Going Nuts, the Carbon Footprint Antidote, and Wolf Hunting

Going Nuts, the Carbon Footprint Antidote, and Wolf HuntingWomen’s Movement | 2012

By L. Clark Tate

Sometimes You Feel Like a Nut. Accessories may make the outfit but what makes the accessories? Often the answer is just plain old plastic—hardly inspiring. Luckily, the comeback of a remarkable little palm nut is offering up an ancient, eco-friendly material that lends itself to pieces with modern style. Ethical Ocean recently highlighted this natural wonder—the tagua nut. Hailing from South America’s Pacific Coast, tagua is also known as vegetable ivory due to a color and texture similar to the tusk-derived stuff.
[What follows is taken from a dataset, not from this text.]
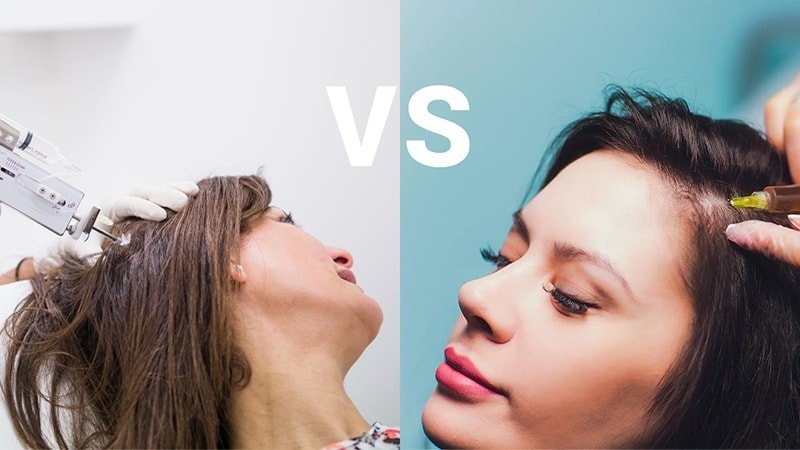 مقایسه مزوتراپی و پی آر پی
When dried, the nut can be polished, carved, and dyed to produce an amazing array of products (like the gorgeous Fike Necklace from Muichic above, $95). You may have unwittingly worn it already as this remarkable little nut has been used to create buttons for both Gap and Patagonia.

Your Footprint Antidote. It’s never hard to find dreary environmental news online but lately the bulletins have been exceptionally dire. The Huffington Post reported that this summer’s epic western wildfire season may be the new normal. The BBC covered September 2012’s record for lowest Arctic sea ice coverage, ever. Climate Central even predicts that higher temperatures and drought will dull the celebrated fall colors of the northeast. How are we to cope?  With energy and optimism, says Gregory Norris, the brains behind a marvelous concept known as the handprint, named one of Time’s “10 Ideas That Are Changing Your Life.” The antidote to the carbon footprint, which is a measure of how much our lives imperil the plant, the handprint calculates our environmental contributions. That’s right, it computes how much better off the world is with you in it.
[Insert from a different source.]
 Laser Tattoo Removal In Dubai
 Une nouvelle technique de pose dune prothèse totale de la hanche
Pricing the Wolf Wars. Anyone who has read Julie of the Wolves or has a soft spot for wild fauna had an emotional stake in early September’s big environmental story—wolf hunting. As The Christian Science Monitor reported, the Wyoming Northern Rocky Mountain grey wolf has made a comeback from near extinction. As a result, however, it was removed from the Endangered Species list in late August, a move that prompted a shift from federal to state management of the species. A new Wyoming state plan will protect the wolves within national parks such as Yellowstone but allow open wolf hunting throughout much of the rest of the state. Reactions have varied and this controversy is but the latest in a long line of questions to be asked about endangered species. The Zoological Society of London recently debuted a thoughtful book entitled Priceless or Worthless?, which tackles the issue of endangered species in a new and very pragmatic light. The book, available free online, challenges all of us to decide what we think endangered species are worth.